[Records to use Boundary: Start]

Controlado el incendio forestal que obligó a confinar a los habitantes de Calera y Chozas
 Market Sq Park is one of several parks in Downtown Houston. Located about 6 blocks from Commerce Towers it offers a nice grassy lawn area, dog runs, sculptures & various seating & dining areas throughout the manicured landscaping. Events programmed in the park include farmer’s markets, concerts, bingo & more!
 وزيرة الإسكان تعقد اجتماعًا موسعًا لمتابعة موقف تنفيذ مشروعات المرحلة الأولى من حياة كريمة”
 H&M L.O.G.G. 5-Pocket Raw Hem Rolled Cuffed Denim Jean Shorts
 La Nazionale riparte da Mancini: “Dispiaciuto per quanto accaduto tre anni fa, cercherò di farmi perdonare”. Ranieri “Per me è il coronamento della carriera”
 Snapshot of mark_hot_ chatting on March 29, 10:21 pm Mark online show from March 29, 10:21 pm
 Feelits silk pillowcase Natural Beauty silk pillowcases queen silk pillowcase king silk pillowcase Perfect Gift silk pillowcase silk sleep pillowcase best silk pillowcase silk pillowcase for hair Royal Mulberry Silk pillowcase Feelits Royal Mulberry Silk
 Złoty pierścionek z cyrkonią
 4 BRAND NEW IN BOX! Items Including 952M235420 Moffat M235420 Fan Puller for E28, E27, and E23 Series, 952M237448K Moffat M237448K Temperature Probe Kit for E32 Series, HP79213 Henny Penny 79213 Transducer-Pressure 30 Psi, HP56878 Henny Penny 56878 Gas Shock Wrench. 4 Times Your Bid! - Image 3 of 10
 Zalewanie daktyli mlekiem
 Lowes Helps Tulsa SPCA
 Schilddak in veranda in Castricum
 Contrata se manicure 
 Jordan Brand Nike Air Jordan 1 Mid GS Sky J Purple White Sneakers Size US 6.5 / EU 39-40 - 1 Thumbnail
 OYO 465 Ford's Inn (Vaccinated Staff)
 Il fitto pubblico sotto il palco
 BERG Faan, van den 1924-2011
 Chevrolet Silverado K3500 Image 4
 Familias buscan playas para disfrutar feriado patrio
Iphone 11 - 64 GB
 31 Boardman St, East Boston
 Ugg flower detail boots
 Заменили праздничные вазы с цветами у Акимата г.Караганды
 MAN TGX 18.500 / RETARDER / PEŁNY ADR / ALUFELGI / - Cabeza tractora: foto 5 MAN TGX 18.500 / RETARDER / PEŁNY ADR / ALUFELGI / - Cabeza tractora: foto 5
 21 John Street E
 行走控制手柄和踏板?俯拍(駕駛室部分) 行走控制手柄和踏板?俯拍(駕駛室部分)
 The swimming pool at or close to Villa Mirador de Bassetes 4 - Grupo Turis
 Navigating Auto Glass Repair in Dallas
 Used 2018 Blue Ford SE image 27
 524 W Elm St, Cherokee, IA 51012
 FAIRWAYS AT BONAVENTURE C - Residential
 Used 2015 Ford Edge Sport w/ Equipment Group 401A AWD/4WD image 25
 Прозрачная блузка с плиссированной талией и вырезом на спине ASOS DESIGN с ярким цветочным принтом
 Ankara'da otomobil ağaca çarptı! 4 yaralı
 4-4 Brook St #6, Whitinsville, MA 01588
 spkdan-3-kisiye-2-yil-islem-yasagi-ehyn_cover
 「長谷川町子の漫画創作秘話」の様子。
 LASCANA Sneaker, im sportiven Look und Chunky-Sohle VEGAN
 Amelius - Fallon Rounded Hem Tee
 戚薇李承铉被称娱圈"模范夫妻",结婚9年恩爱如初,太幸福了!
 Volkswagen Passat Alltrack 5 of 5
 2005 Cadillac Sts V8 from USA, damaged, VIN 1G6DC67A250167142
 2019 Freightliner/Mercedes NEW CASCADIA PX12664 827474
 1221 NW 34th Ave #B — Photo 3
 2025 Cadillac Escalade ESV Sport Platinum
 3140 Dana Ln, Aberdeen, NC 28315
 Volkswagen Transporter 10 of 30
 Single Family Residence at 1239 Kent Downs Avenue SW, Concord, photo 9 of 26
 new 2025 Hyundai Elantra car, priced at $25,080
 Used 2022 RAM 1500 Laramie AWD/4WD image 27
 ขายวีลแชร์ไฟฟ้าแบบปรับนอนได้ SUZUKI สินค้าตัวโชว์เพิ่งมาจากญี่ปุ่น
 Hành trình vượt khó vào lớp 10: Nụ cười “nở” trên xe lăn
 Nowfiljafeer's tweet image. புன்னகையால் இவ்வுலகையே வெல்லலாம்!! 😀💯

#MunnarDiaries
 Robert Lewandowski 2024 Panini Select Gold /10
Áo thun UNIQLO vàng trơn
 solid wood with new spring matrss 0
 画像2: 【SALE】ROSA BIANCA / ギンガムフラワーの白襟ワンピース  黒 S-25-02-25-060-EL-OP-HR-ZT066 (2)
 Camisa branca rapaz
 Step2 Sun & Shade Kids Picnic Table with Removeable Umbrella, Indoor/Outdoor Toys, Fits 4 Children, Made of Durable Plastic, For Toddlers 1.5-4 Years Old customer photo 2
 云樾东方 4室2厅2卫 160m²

[Records to use Boundary: End]

*What to work on:*
Please provide an exact transcription of each line from the one holding "1221 NW 34th Ave #B — Photo 3" through the final line of the data above.

*Answer box:*
 1221 NW 34th Ave #B — Photo 3
 2025 Cadillac Escalade ESV Sport Platinum
 3140 Dana Ln, Aberdeen, NC 28315
 Volkswagen Transporter 10 of 30
 Single Family Residence at 1239 Kent Downs Avenue SW, Concord, photo 9 of 26
 new 2025 Hyundai Elantra car, priced at $25,080
 Used 2022 RAM 1500 Laramie AWD/4WD image 27
 ขายวีลแชร์ไฟฟ้าแบบปรับนอนได้ SUZUKI สินค้าตัวโชว์เพิ่งมาจากญี่ปุ่น
 Hành trình vượt khó vào lớp 10: Nụ cười “nở” trên xe lăn
 Nowfiljafeer's tweet image. புன்னகையால் இவ்வுலகையே வெல்லலாம்!! 😀💯

#MunnarDiaries
 Robert Lewandowski 2024 Panini Select Gold /10
Áo thun UNIQLO vàng trơn
 solid wood with new spring matrss 0
 画像2: 【SALE】ROSA BIANCA / ギンガムフラワーの白襟ワンピース  黒 S-25-02-25-060-EL-OP-HR-ZT066 (2)
 Camisa branca rapaz
 Step2 Sun & Shade Kids Picnic Table with Removeable Umbrella, Indoor/Outdoor Toys, Fits 4 Children, Made of Durable Plastic, For Toddlers 1.5-4 Years Old customer photo 2
 云樾东方 4室2厅2卫 160m²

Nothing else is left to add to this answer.